> DIRECTIONS FOR THIS TASK
Write out, exactly as they appear, only the lines running from the line with "Caswell-Massey Natural Bar" to the final line of the listing; include both.

> PROVIDED MATERIAL
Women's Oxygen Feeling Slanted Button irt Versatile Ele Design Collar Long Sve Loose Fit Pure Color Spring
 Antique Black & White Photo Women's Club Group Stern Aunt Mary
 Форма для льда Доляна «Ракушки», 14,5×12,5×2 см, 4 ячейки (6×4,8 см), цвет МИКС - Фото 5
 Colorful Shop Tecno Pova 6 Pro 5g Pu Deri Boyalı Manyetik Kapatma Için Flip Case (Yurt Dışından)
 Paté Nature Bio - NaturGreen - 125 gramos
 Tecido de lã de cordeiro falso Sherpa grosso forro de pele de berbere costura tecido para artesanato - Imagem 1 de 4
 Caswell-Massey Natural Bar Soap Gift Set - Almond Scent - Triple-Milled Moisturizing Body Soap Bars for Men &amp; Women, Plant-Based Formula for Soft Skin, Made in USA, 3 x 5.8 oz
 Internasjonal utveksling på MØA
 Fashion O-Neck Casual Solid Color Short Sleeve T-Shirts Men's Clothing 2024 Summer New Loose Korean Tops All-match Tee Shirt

> SOLUTION FOR THIS EXERCISE
 Caswell-Massey Natural Bar Soap Gift Set - Almond Scent - Triple-Milled Moisturizing Body Soap Bars for Men &amp; Women, Plant-Based Formula for Soft Skin, Made in USA, 3 x 5.8 oz
 Internasjonal utveksling på MØA
 Fashion O-Neck Casual Solid Color Short Sleeve T-Shirts Men's Clothing 2024 Summer New Loose Korean Tops All-match Tee Shirt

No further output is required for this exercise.